[[ Records supplied open ]]

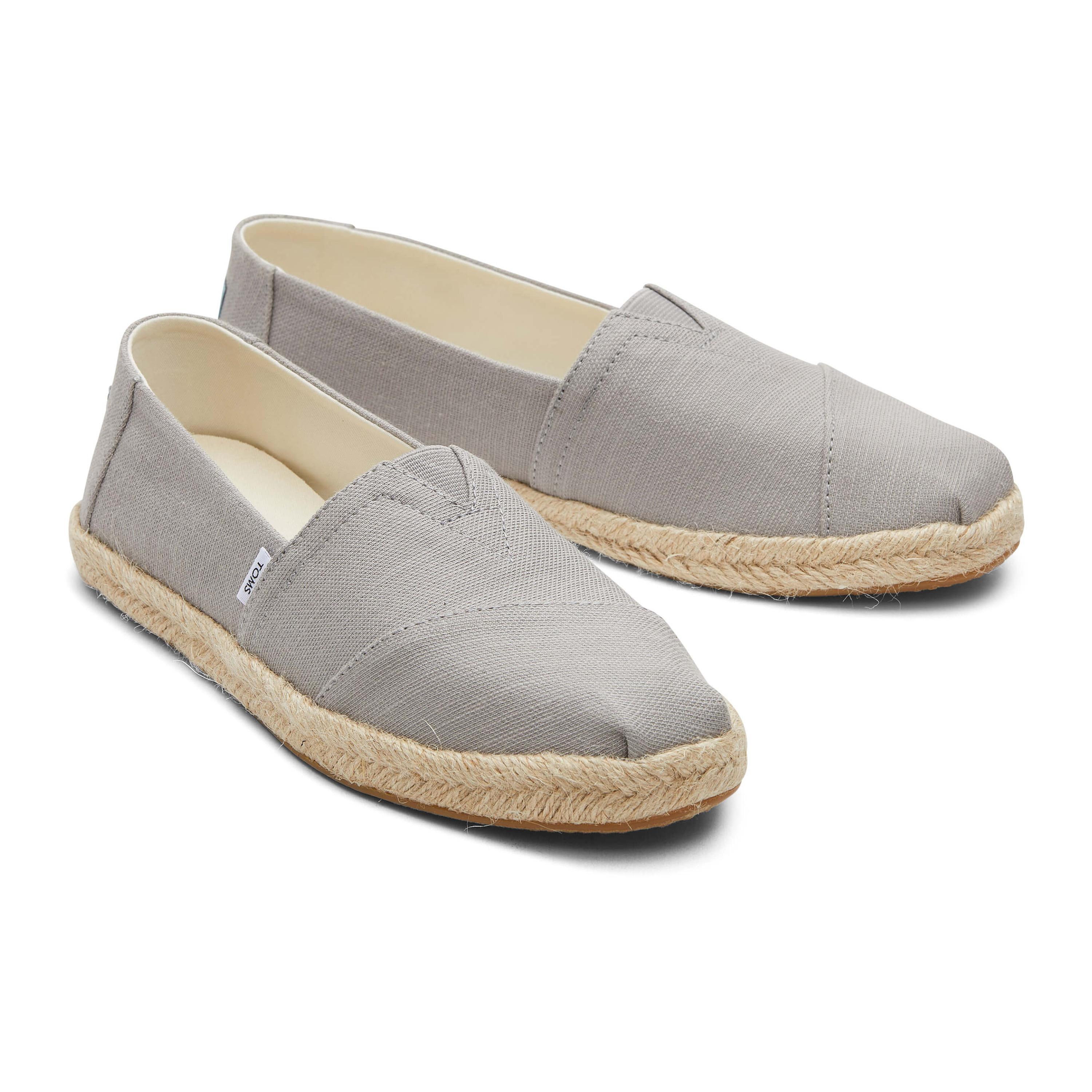 TOMS damen espadrilles alpargata rope
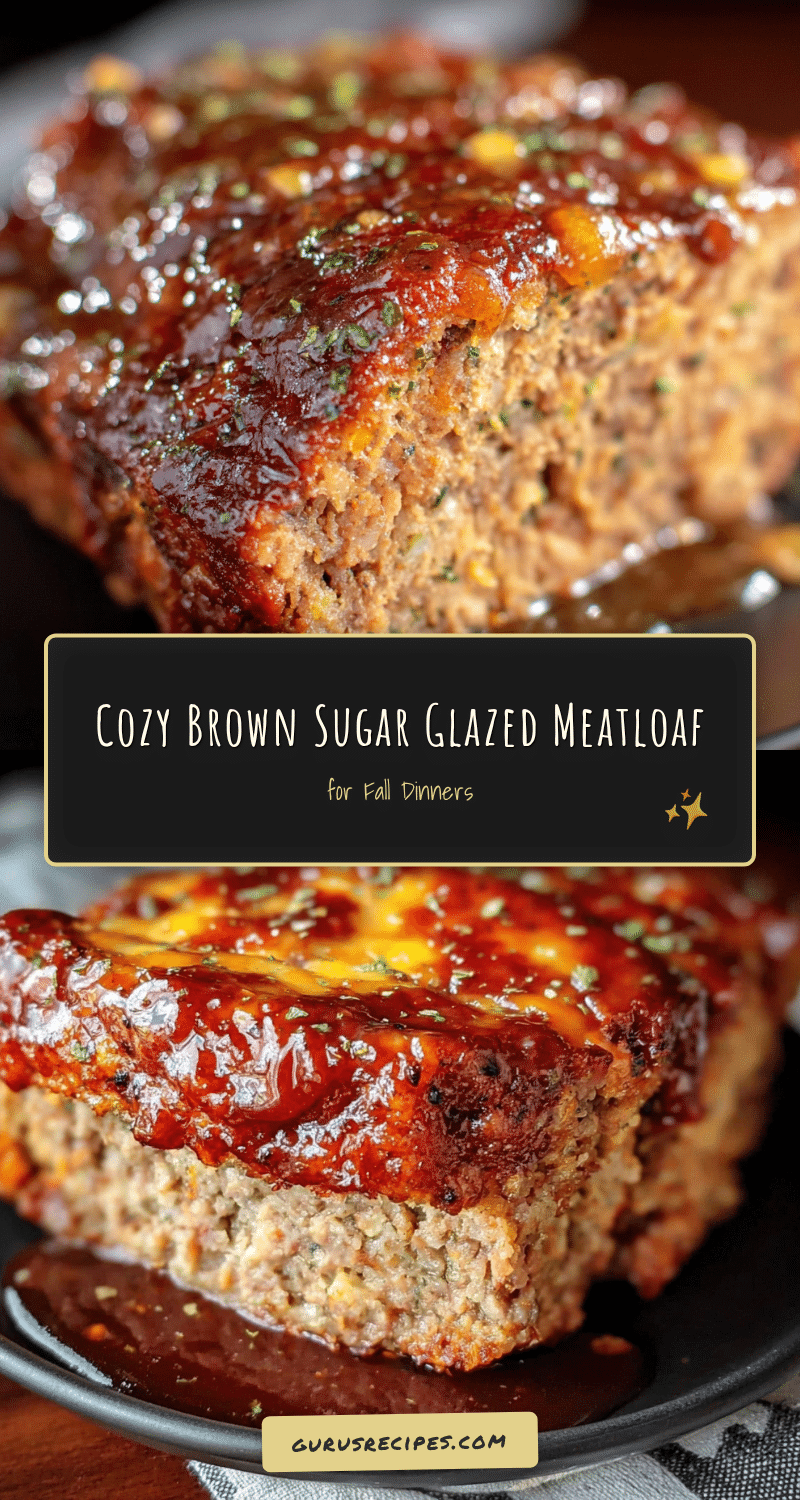 brown sugar glazed meatloaf recipe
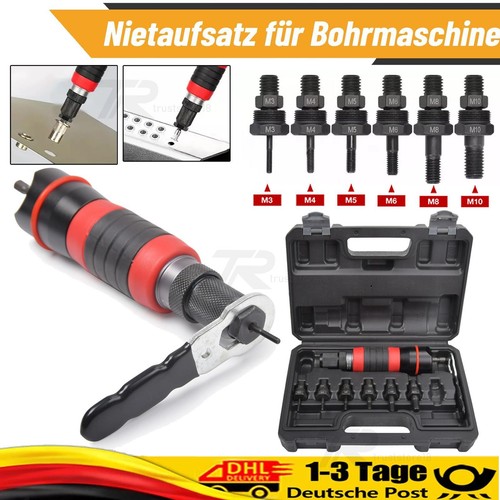 Nietgerät nietmuttern aufsatz - nietmuttern,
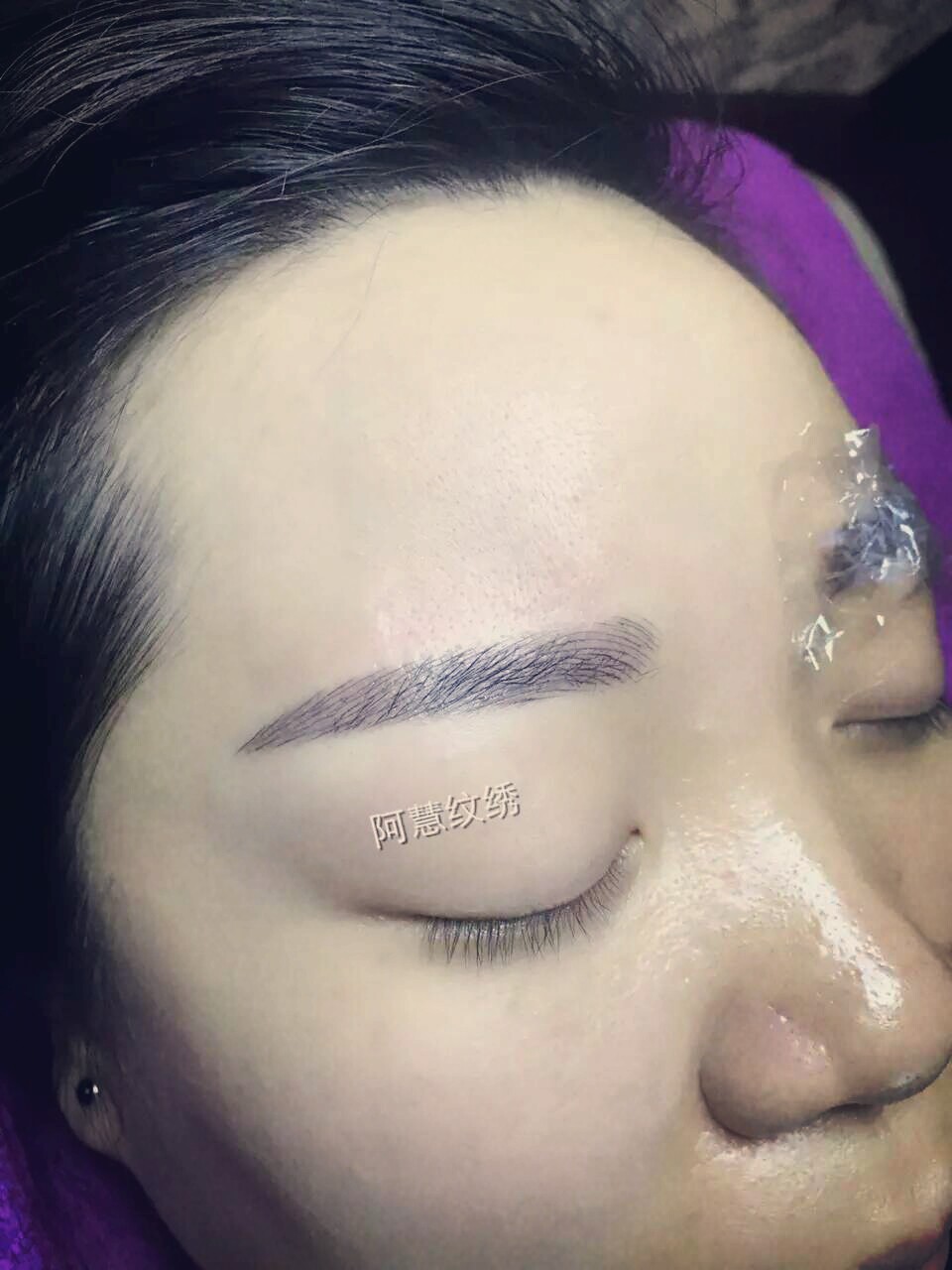 没错这也是海藻眉啦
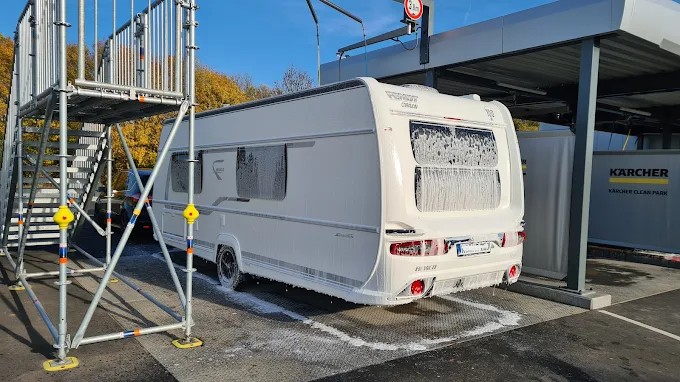 Außenwaschbox Wohnmobil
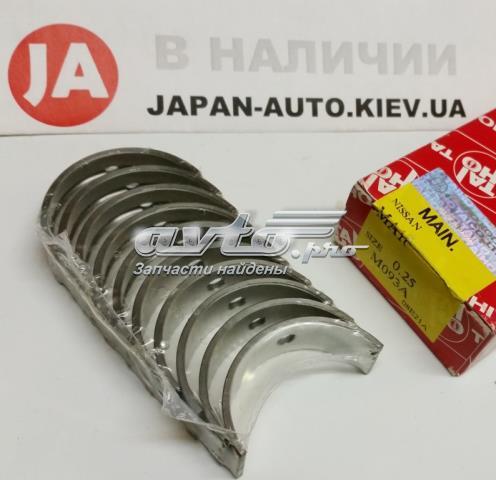 Вкладиші колінвала, корінні, комплект, 1-й ремонт (+0,25) M093A025 Taiho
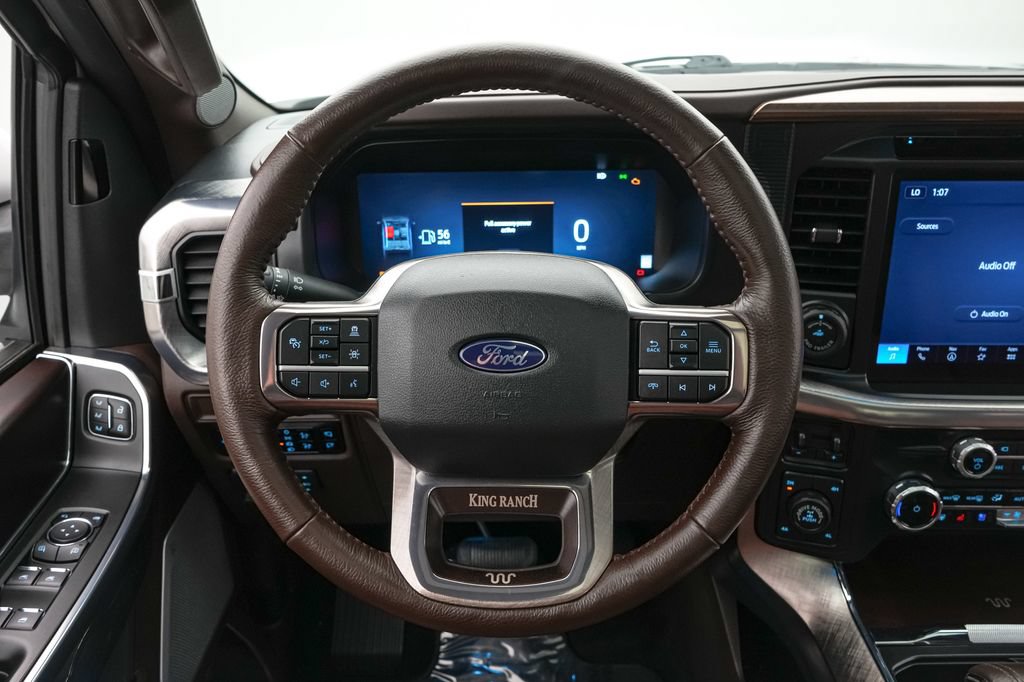 Certified 2025 Ford F150 King Ranch AWD/4WD image 19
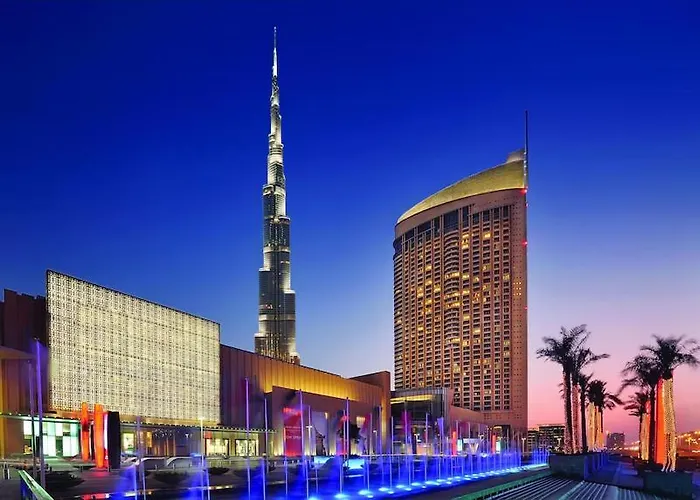 Chic Luxe Studio Direct Access Dubai Mall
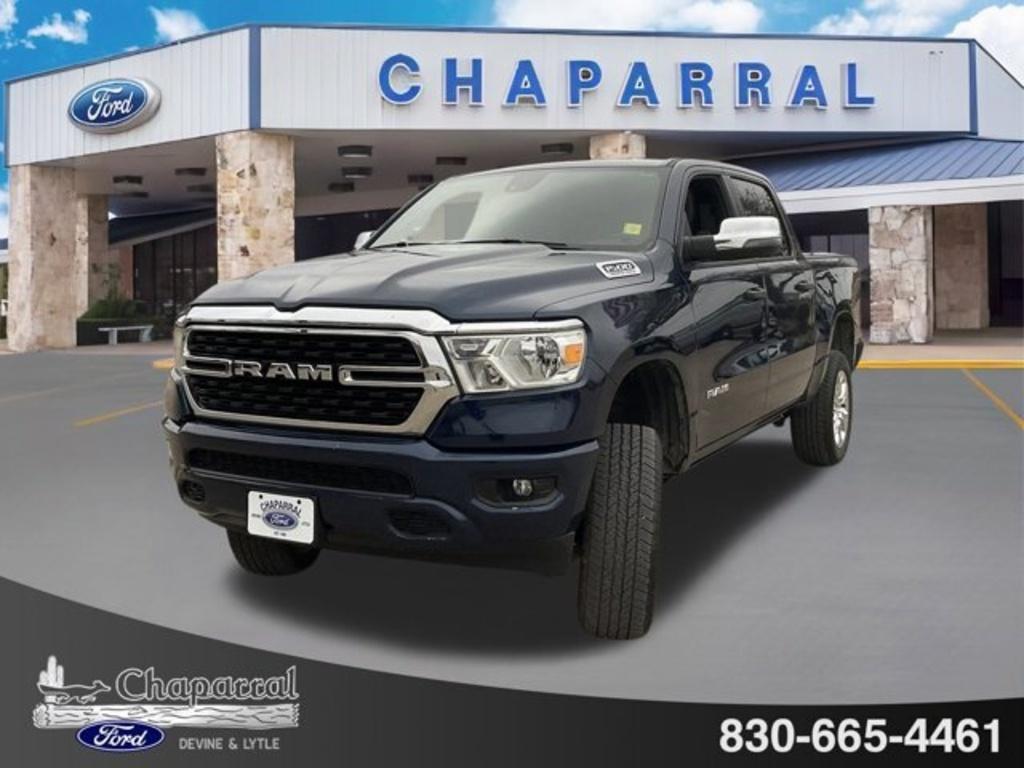 used 2023 Ram 1500 car, priced at $31,985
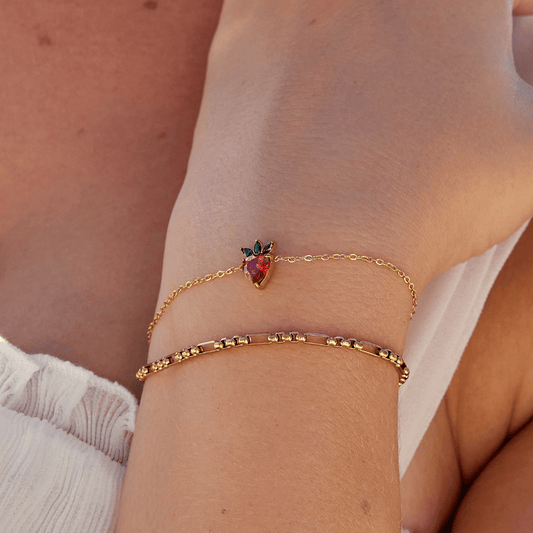 Kristall Berry Armband Alma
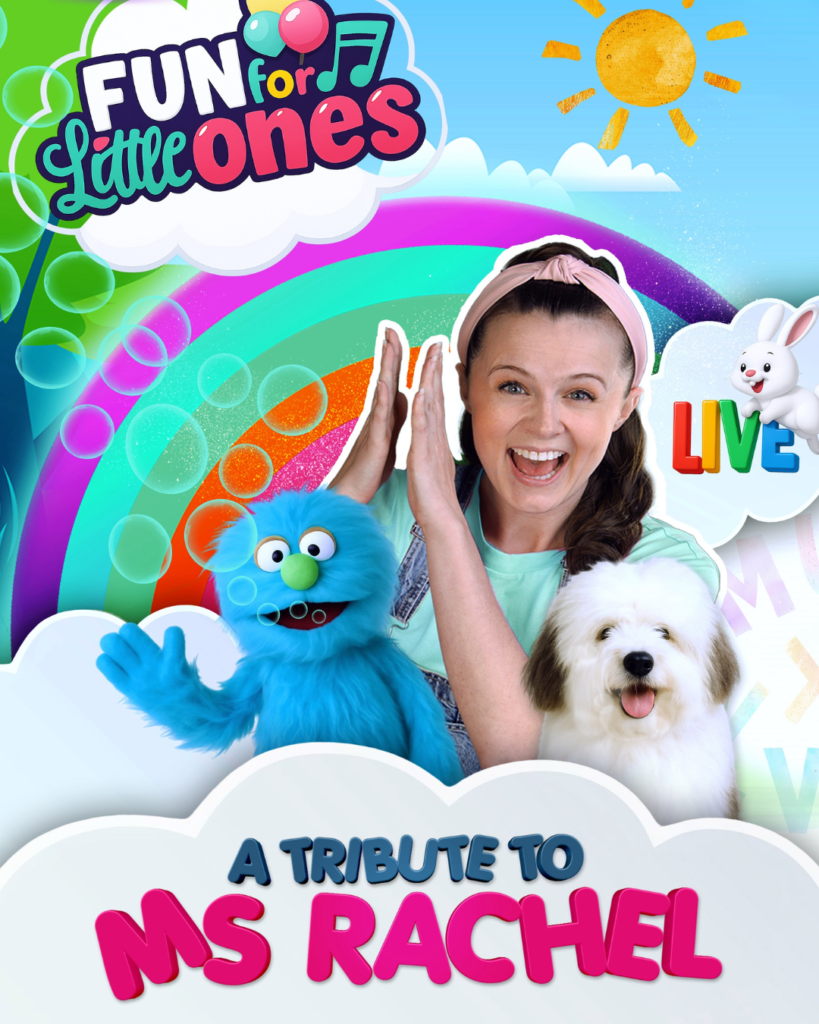 Ms Rachel ‘Fun For Little Ones!’ – Tribute Show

[[ Records supplied closed ]]

• [Your objective] Once the pictures are set aside, copy the remaining text of every entry exactly.

• [Answer box]
 TOMS damen espadrilles alpargata rope
 brown sugar glazed meatloaf recipe
 Nietgerät nietmuttern aufsatz - nietmuttern,
 没错这也是海藻眉啦
 Außenwaschbox Wohnmobil
 Вкладиші колінвала, корінні, комплект, 1-й ремонт (+0,25) M093A025 Taiho
 Certified 2025 Ford F150 King Ranch AWD/4WD image 19
 Chic Luxe Studio Direct Access Dubai Mall
 used 2023 Ram 1500 car, priced at $31,985
 Kristall Berry Armband Alma
 Ms Rachel ‘Fun For Little Ones!’ – Tribute Show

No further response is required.